Page MenuHomePhabricator

Copyvio: backfilling on existing pages
Closed, DeclinedPublic

Description

@Etonkovidova brought this up.

We want all pages in the New Pages Feed to be checked for copyvio, including the several thousand pages that are already in there. This is similar to how we wanted all pages to have ORES scores applied: T198982

Therefore, this task is for backfilling copyvio checking on the pages in feed using the same business rules we will use on new pages: if any of their revisions have copyvio flags, the page has it. Hopefully, the CopyPatrol database will allow this to happen easily.

Event Timeline

My recommendation is to approach this from the CopyPatrol/Toolsforge side rather than NewPagesFeed/enwiki space. Suggested approach:

  1. Create a backfill script to run on the eranbot Toolforge space
  2. This script would operate on the 29,000 records in copyright_diffs that were created since 2016 and are not "fixed" or "false positive" status (select count(distinct(page_title)) from copyright_diffs WHERE diff_timestamp > 20160620000000 AND lang = 'en' AND status NOT IN ('fixed', 'falsepositive');). I know this doesn't precisely match the logic we have elsewhere (if any revision of a page ever had copyvio, whether it's fixed or not, we want to show "Potential copyvio" in the UI) but if we do it this way we have 29k records to churn through instead of 59k.
  3. The script will take each record in copyright_diffs and make a POST request to the PageTriage copyvio tag API. The PageTriage Copyvio Tag API takes care of checking that the revision ID exists, and that the page is in the PageTriage queue, and it will also generate a log entry for Special:Log and publish the log entry to Recent Changes, which is nice for transparency.
  4. However we'd need to think about how to avoid flooding the Recent Changes table and the maximum number of successful POST requests (which generate a log entry) that we want to make per hour. @MMiller_WMF any thoughts on that limit?
  5. I recommend running this script after T201073: Copyvio: Make Eranbot call PageTriage with copyvio info is in production, so we don't have to worry about possibly missing some records.

Other approaches

If we approach this from the enwiki / NewPagesFeed side, things are more complicated. I don't recommend we do it this way but here are notes that I wrote out while I was thinking through this.

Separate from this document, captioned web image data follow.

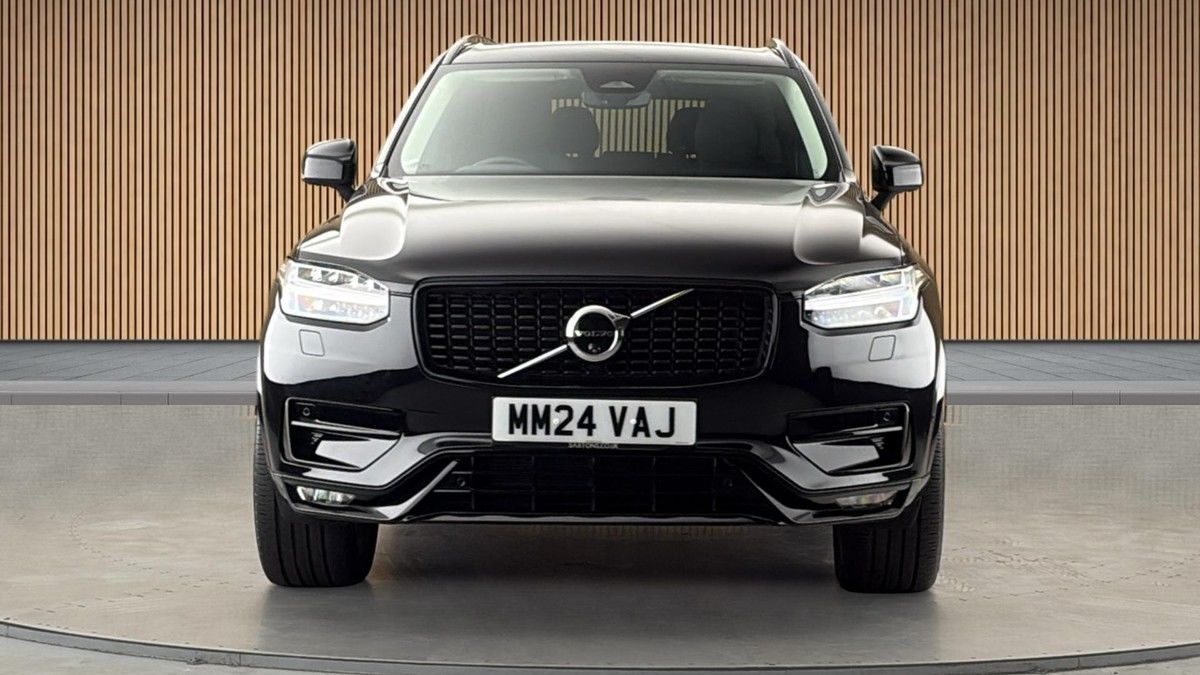 Volvo XC90 Image 3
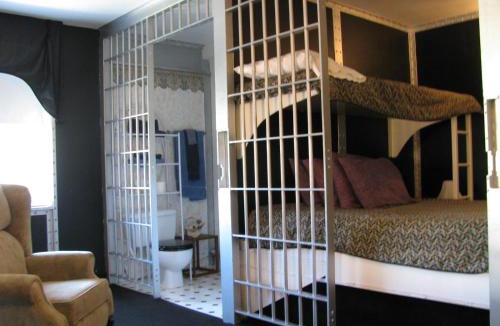 Cobourg Hotel | The King George Inn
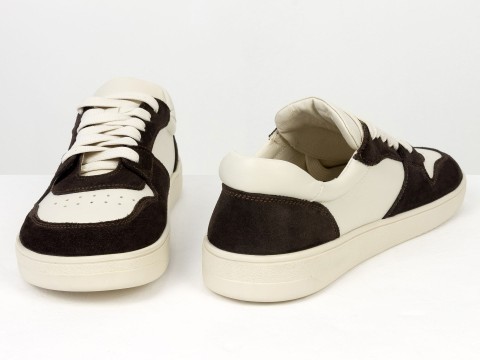 Женские анатомичные  кеды из натуральной молочной  кожи и замши коричневого цвета Gino Figini, фото 6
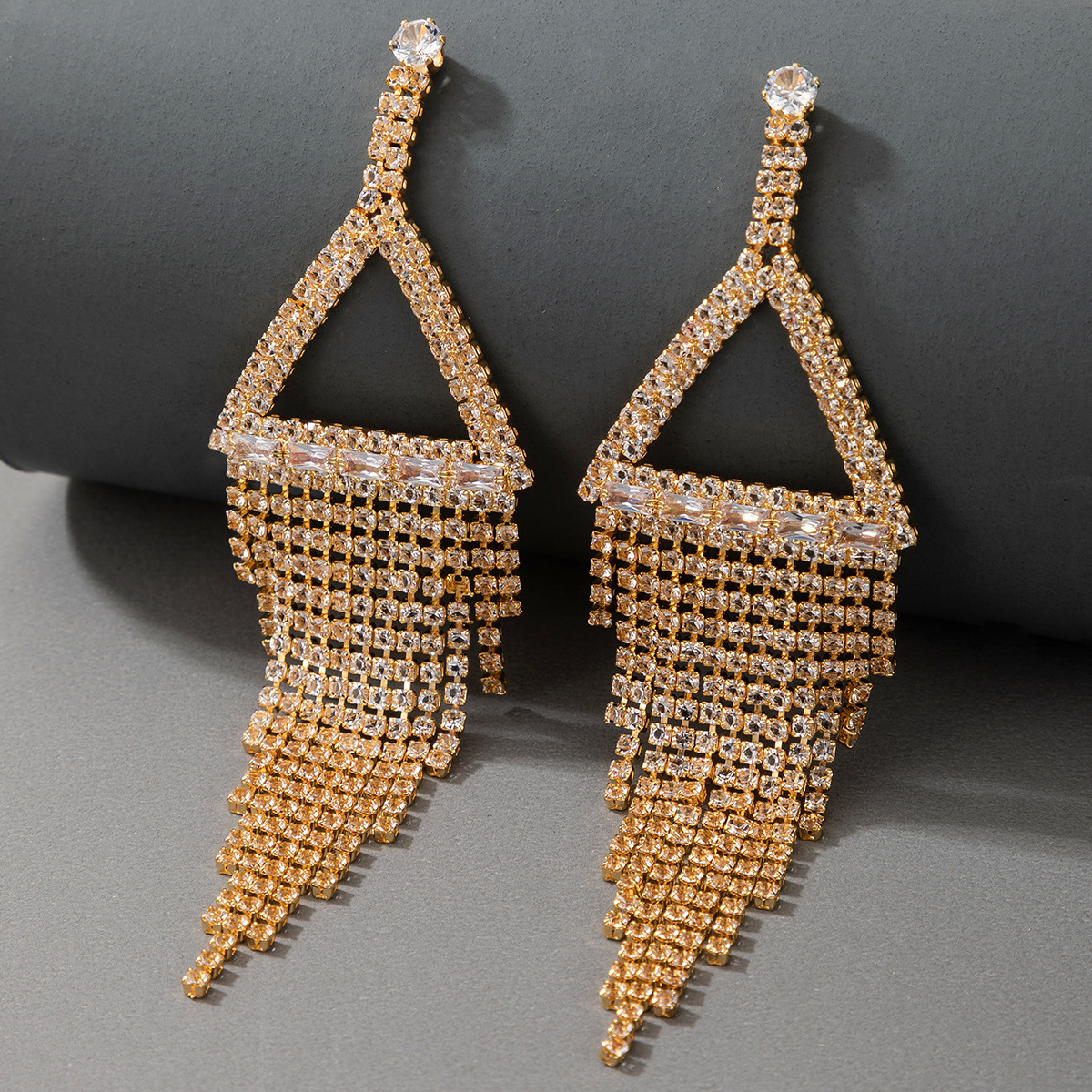 Fashion Diamond Tassel Earrings display picture 5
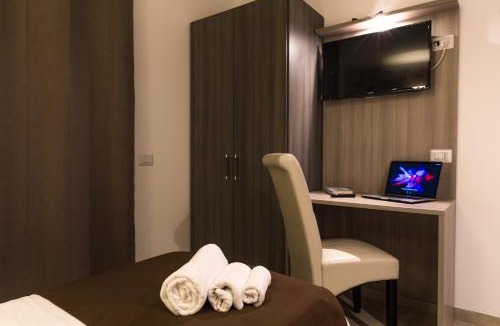Olbia House | La Piazzetta Guest House
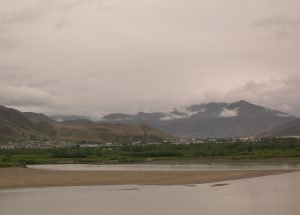 ལྷོ་ཁ་སྣེ་གདོང་རྫོང༌ངོ་སྤྲོད།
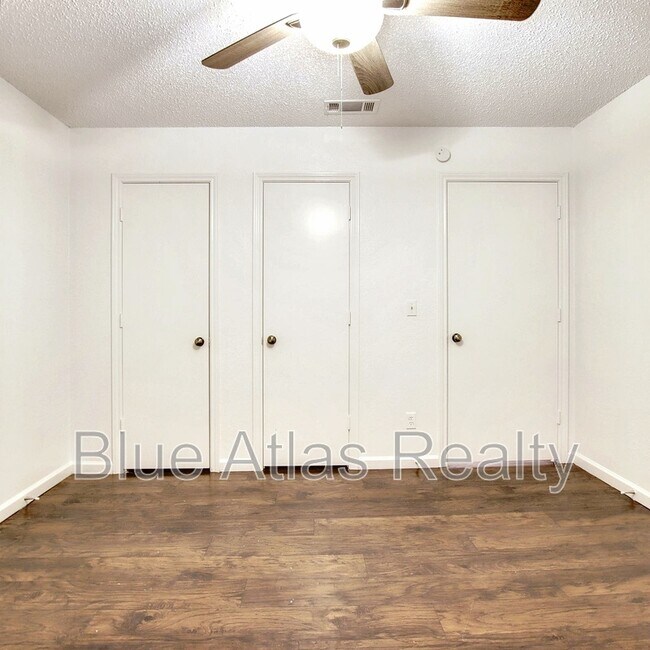 Building Photo - 916 Hilltop Dr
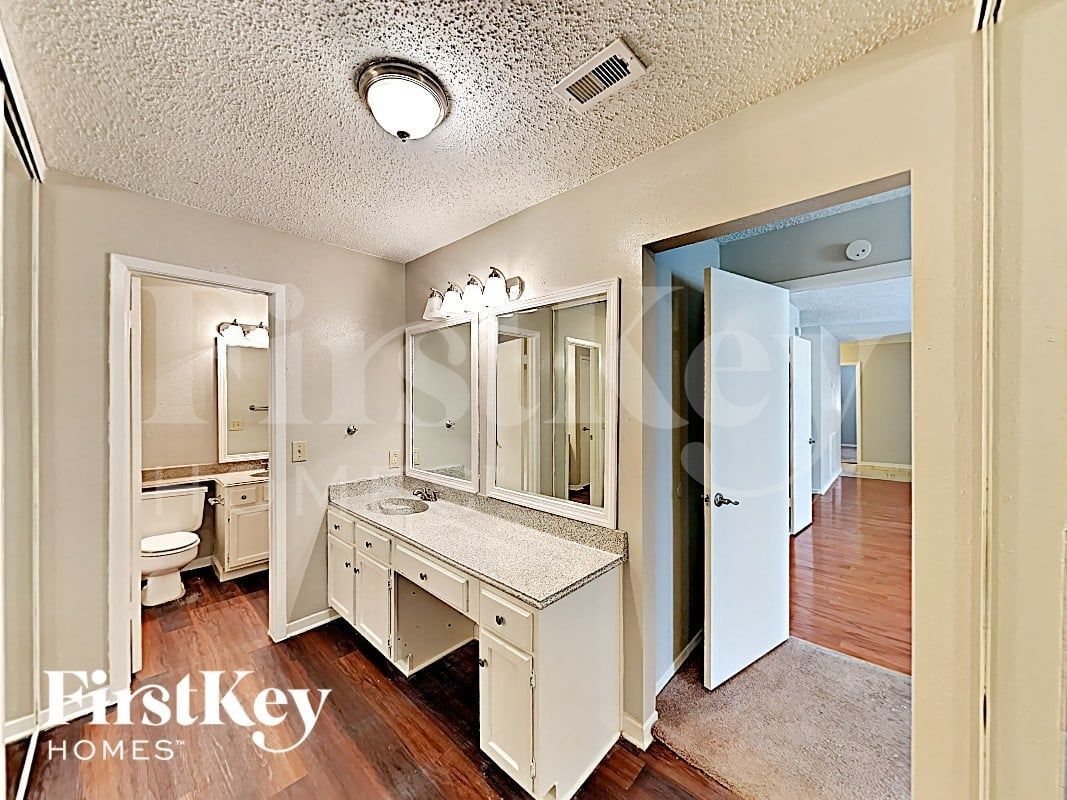 Building Photo - 9311 Wallingham Dr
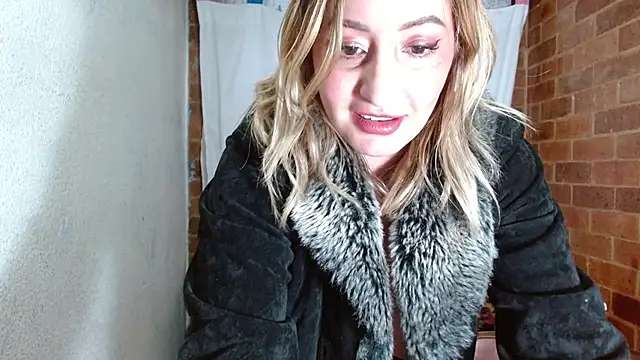 rashellroses22 online show from 12-30-24, 10:23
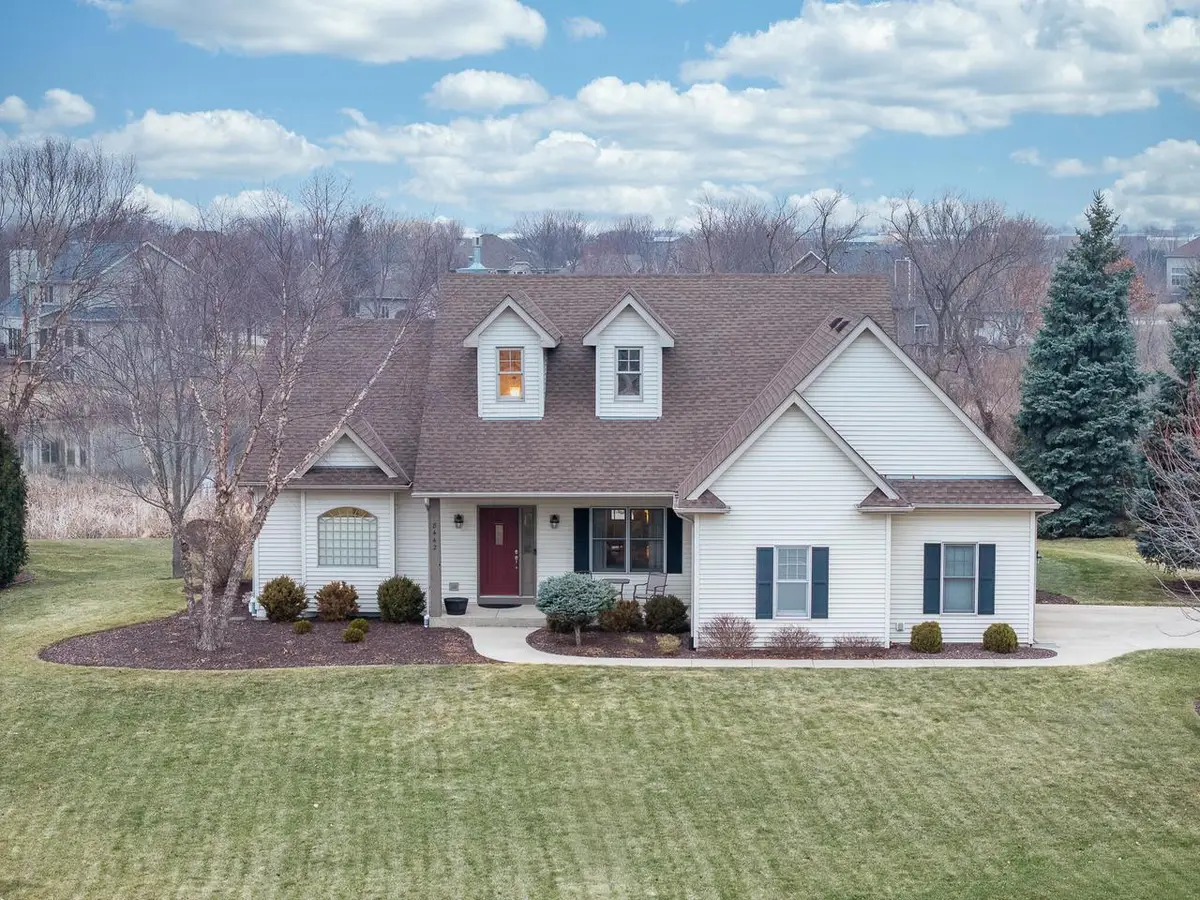 8442 E Ridge DRIVE, Pleasant Prairie, WI 53158 - #1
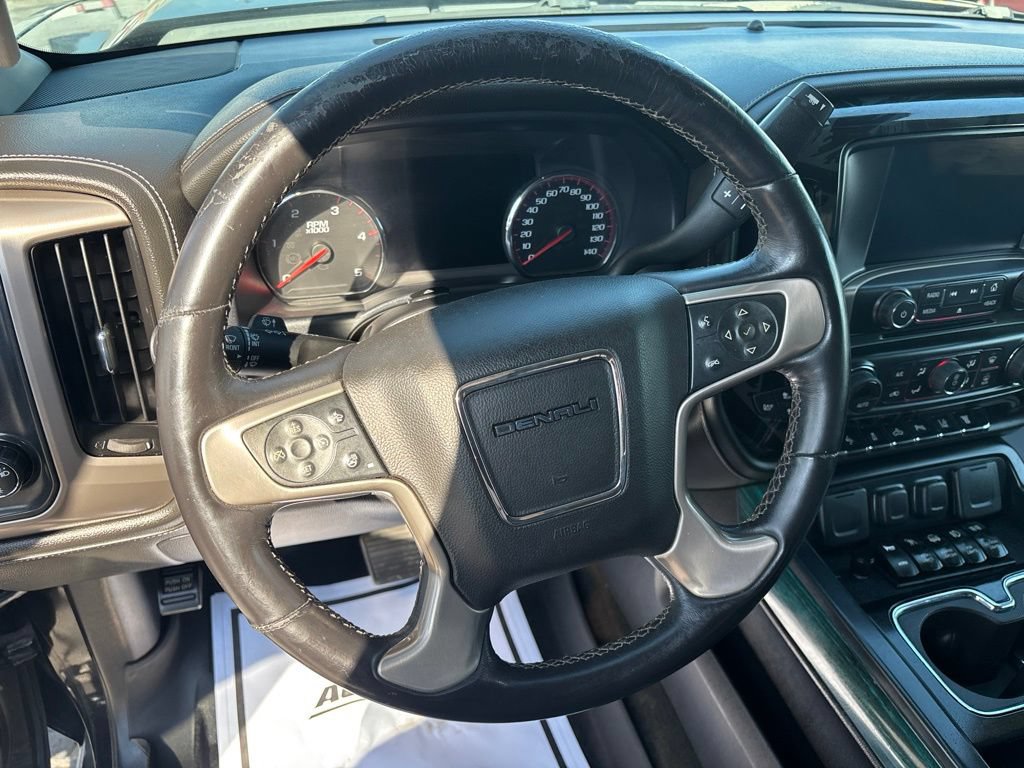 Used 2015 GMC Sierra 2500 Denali w/ Duramax Plus Package AWD/4WD image 23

We'd have to figure out which subset of pages we want to backfill data for. There are 116,523 reviewed and unreviewed pages across NPP (Article/User) and AfC. My assumption is that we don't need to backfill data for every page that's ever been in PageTriage.

AfC has 4,007 pages "Awaiting Review", so we definitely want to backfill those. Do we want to backfill data for the 20,272 unsubmitted drafts?

In NPP we have 25,721 unreviewed pages in the user namespace and 2,300 in the article namespace. We definitely want to backfill the article namespace; do we also want to backfill the user namespace pages?

Depending on the answers to the above we are backfilling data for a minimum of 6,307 pages (awaiting review AfC and unreviewed article namespace pages), but potentially it's much more (~34k - 116k).

1. Backfill on demand with a system user

When a user visits Special:NewPagesFeed, their browser sends a request to the PageTriage List API to get pages. On the backend, we could look to see if the copyvio tag exists in enwiki. If it doesn't, we could trigger a job that could check to see if this data is in CopyPatrol and then post the data to the PageTriage Tag Copyvio API endpoint using a user created with User::newSystemUser( 'PageTriage Copyvio backfill manager', [ 'steal' => true ] ).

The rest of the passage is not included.